ITAT: Section 54 Deduction Cannot Be Rejected For Not Depositing Long-Term Capital Gain In Account Scheme
States that the exercise of power under Section 263 to revise the assessment order was invalid
ITAT: Section 54 Deduction Cannot Be Rejected For Not Depositing Long-Term Capital Gain In Account Scheme
States that the exercise of power under Section 263 to revise the assessment order was invalid
The Delhi Bench of the Income Tax Appellate Tribunal (ITAT) has held that deduction under Section 54 of the Income Tax Act, 1961 cannot be disallowed merely for not depositing long-term capital gain (LTCG) that was not deposited in the capital gain account scheme.
The bench of Saktijit Dey (Vice President) and M. Balaganesh (Accountant Member) adopted a hyper-technical approach while dealing with the issue. The judges stated that when the basic conditions of Section 54(1) were satisfied, the assessee was entitled to claim the deduction under Section 54 of the IT Act.
The appellant-assessee is a resident individual. The Assessing Officer (AO) received information that the assessee sold an immovable property for Rs.62,06,000 and re-opened the assessment under Section 147.
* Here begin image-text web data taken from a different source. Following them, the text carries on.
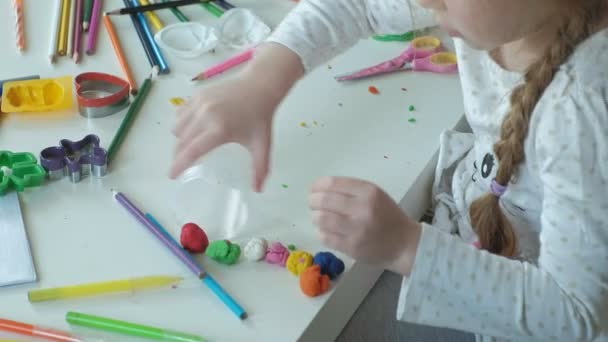Щаслива маленька дівчинка кладе різнокольоровий пластилін в ємність, на робочому столі фігури і кольорові олівці, розвиток тонких моторних навичок рук — стокове відео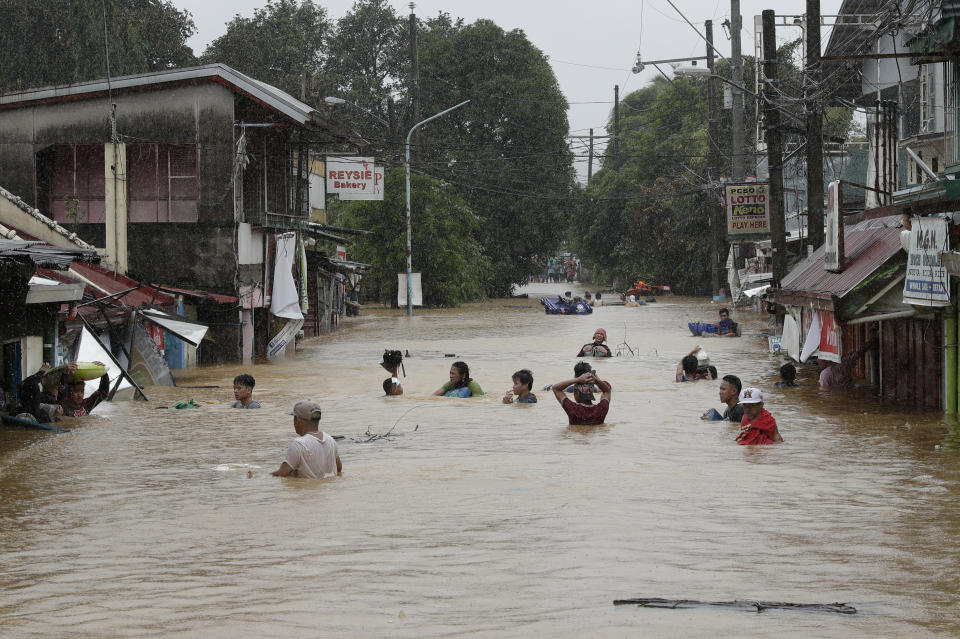 Residents negotiate a flooded road as floods continue to rise in Marikina, Philippines due to Typhoon Vamco on Thursday, Nov. 12, 2020. The typhoon swelled rivers and flooded low-lying areas as it passed over the storm-battered northeast Philippines, where rescuers were deployed early Thursday to help people flee the rising waters. (AP Photo/Aaron Favila)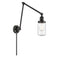 Dover Swing Arm shown in the Matte Black finish with a Seedy shade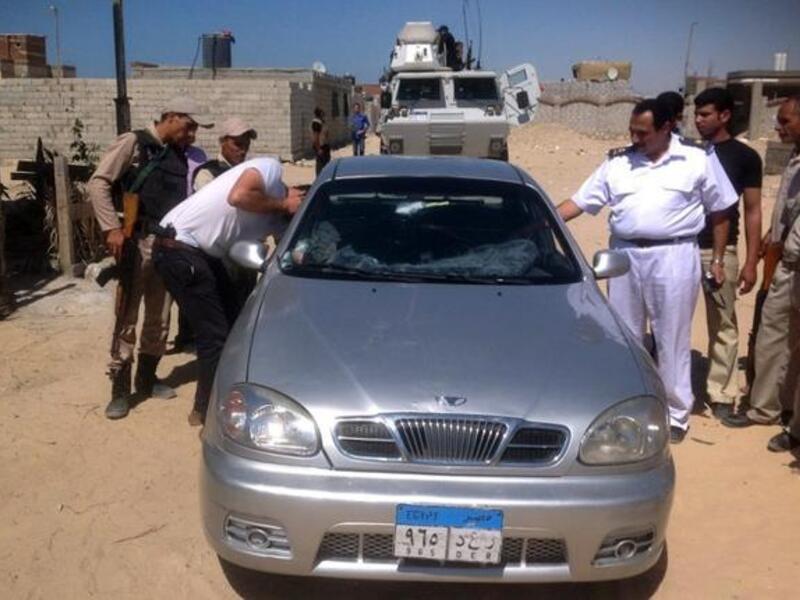 A picture taken on July 6, shows Egyptian policemen inspecting the car of a Coptic Christian priest killed in al-Arish north of the Sinai peninsula (AFP)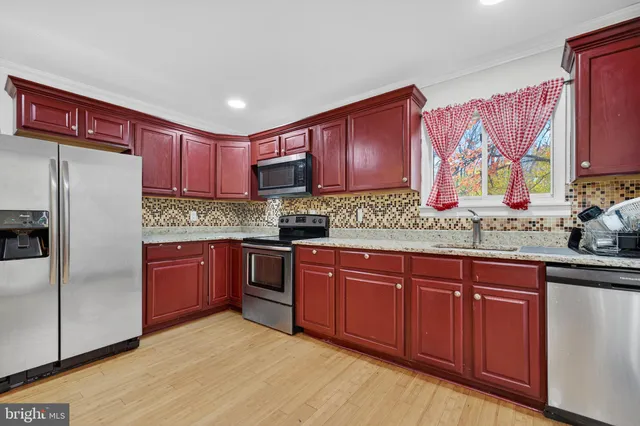 a kitchen with stainless steel appliances granite countertop a refrigerator sink and wooden cabinets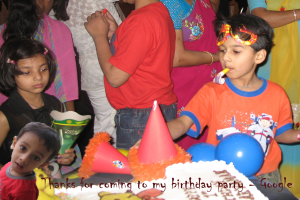 Kinder vor einem Tisch mit Kuchen, Luftballons und Mützen, mit anderen Menschen im Hintergrund.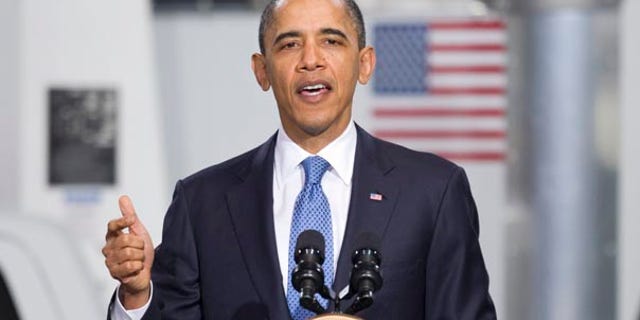 Friday: President Obama gestures while speaking at a UPS facility in Landover, Md.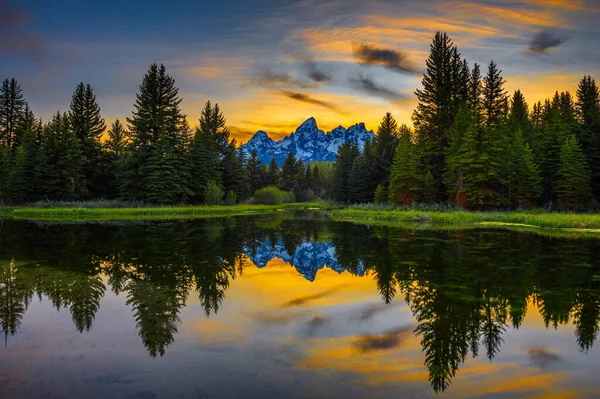 stock image Sunset over Schwabacher Landing with Teton Mountain Range reflected in the waters of Snake River in Wyoming, USA.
On receiving a notice issued under Section 148, the assessee filed her Income Tax Return (ITR) declaring income of Rs.6,42,470, as already declared in the original ITR.
However, the AO directed the assessee to furnish the details of the properties sold and the resultant capital gain. The latter submitted the details of the property sold and the capital gain arising out of it.
The AO then discovered that the property was under the joint ownership of the assessee and another co-owner and was purchased for an amount of Rs.20 lakh. Out of that, the share of the assessee was Rs.10 lakh, whereas the property was sold for Rs.62,06,000. Thus, the assesses’ share was Rs.31,03,000.
On reducing the cost of acquisition and indexation benefit, the LTCG arising out of the sale of property was Rs.14,59,324. The assessee invested in the purchase of a new residential property for the entire capital gain amount and, therefore, claimed exemption under Section 54. The AO accepted the ITR, and the assessment was done.
However, the Principal Commissioner of Income Tax (Appeals) later found that the capital gain amount was not deposited in the capital gain account scheme during the interim period until its utilization in the purchase or construction of the new property. The PCIT stated that due to the non-consideration of these facts, the assessment order was erroneous and prejudicial to the interest of the revenue department.
The PCIT thus issued a show-cause notice to the assessee stating why the assessment order should not be declared erroneous.
Thereafter, the assessee furnished a detailed reply objecting to the proposed action under Section 263.
However, the PCIT rejected it and set aside the assessment order. It directed the disallowance of the deduction claimed under Section 54, as the assessee failed to deposit the capital gain amount in the capital gain account scheme.
The ITAT held that only because the capital gain was not deposited in the scheme, the revisionary authority treated the assessment order as erroneous. It stated that the exercise of power under Section 263 to revise the assessment order was invalid.
Thus, the tribunal quashed the order and restored the assessment order.